- [What the exercise asks] Using the listing below, set down each line from the line containing "You want to" through the line containing "I'm just waiting.", both ends included, exactly and with nothing added.

- [Material provided]
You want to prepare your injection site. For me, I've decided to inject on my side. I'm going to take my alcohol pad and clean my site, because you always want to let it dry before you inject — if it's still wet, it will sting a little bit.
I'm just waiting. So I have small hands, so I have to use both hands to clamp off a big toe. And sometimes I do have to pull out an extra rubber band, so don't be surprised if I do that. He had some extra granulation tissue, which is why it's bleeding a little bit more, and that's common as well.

==

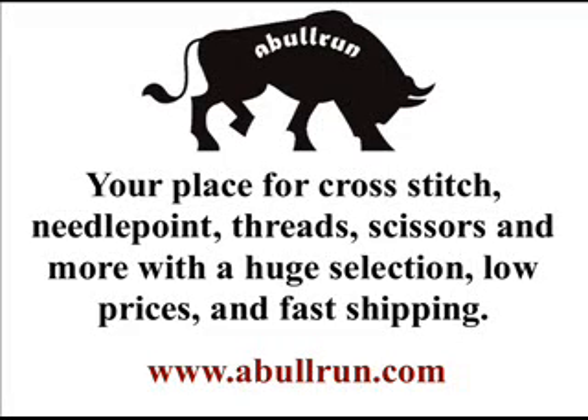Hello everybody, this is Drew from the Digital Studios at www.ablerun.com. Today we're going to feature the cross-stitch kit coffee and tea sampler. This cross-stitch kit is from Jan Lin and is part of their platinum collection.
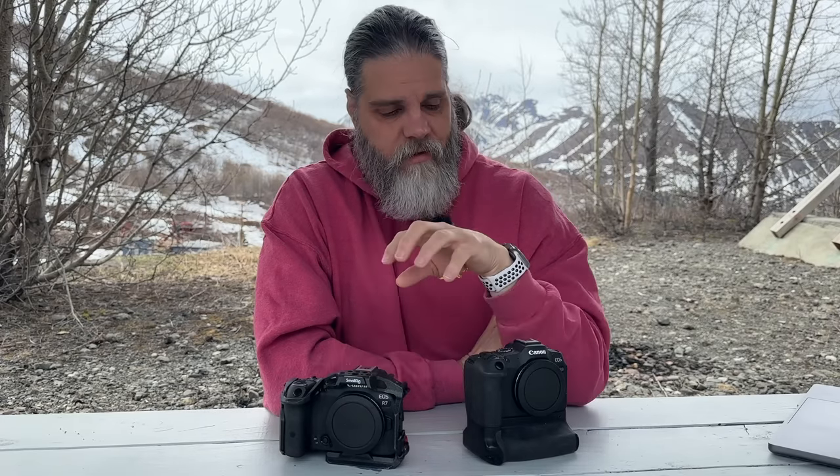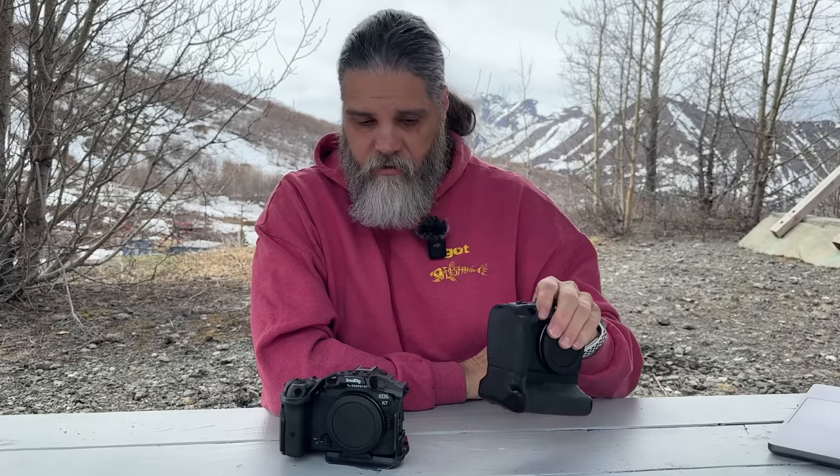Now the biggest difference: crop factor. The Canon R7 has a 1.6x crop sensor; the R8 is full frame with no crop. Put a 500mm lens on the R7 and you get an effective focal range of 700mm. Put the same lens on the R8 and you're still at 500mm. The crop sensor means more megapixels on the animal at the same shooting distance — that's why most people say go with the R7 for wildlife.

==

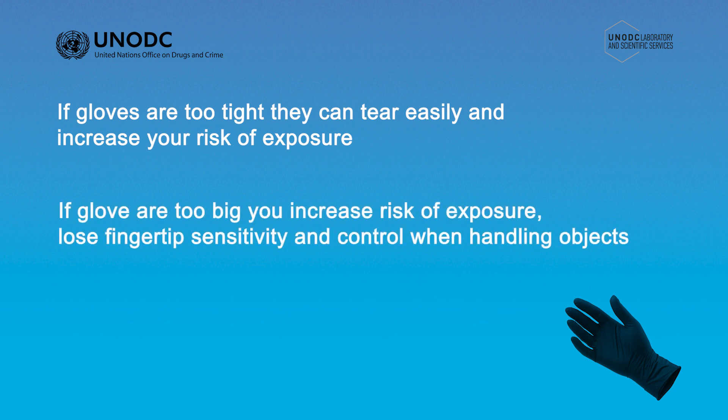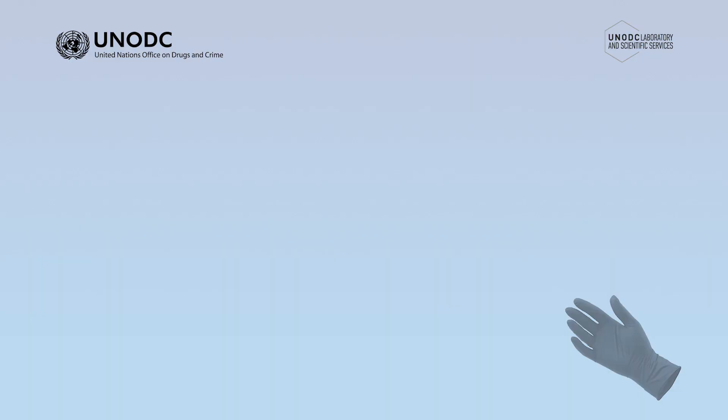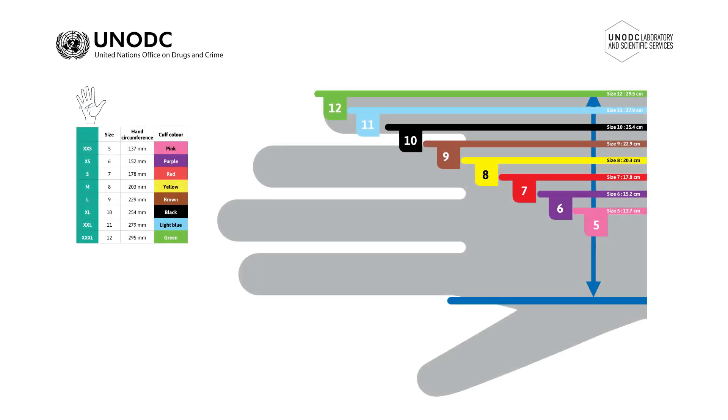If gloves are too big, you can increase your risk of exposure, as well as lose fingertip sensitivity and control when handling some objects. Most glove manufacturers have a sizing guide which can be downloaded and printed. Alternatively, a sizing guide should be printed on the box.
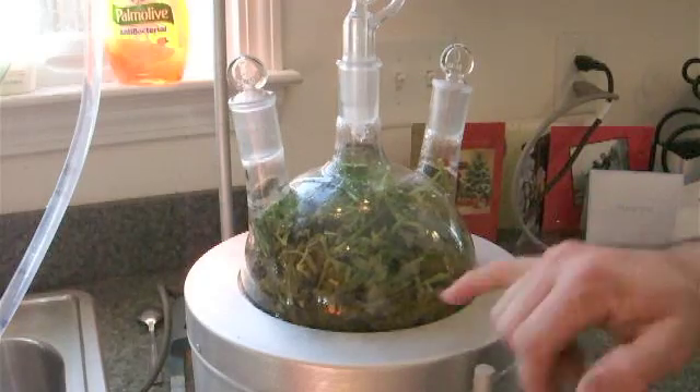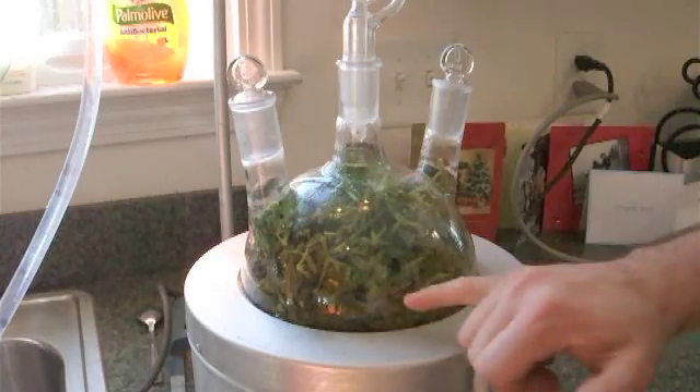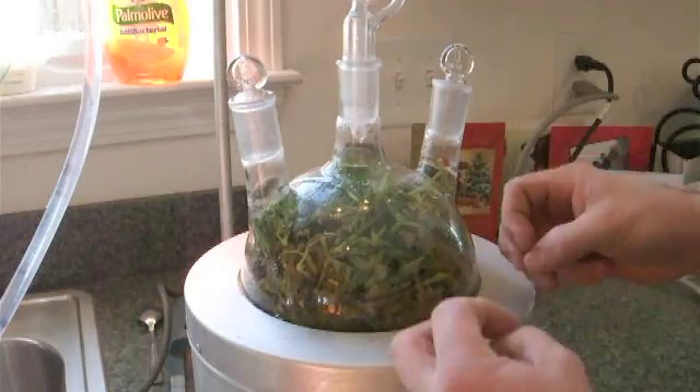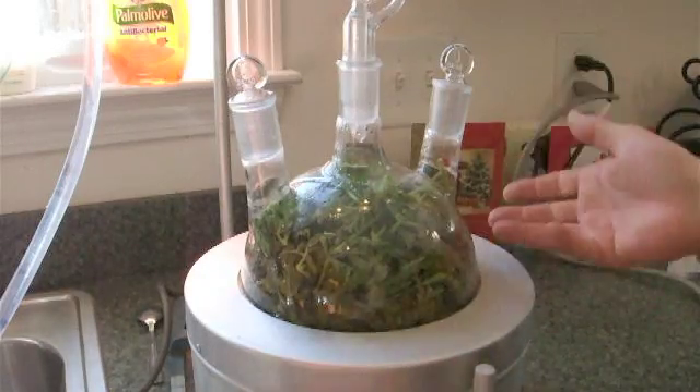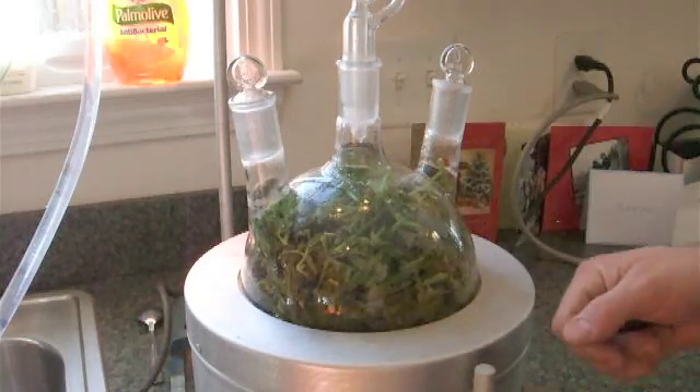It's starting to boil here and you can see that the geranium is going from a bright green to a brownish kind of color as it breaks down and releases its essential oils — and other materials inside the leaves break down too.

- [Result for this exercise]
You want to prepare your injection site. For me, I've decided to inject on my side. I'm going to take my alcohol pad and clean my site, because you always want to let it dry before you inject — if it's still wet, it will sting a little bit.
I'm just waiting. So I have small hands, so I have to use both hands to clamp off a big toe. And sometimes I do have to pull out an extra rubber band, so don't be surprised if I do that. He had some extra granulation tissue, which is why it's bleeding a little bit more, and that's common as well.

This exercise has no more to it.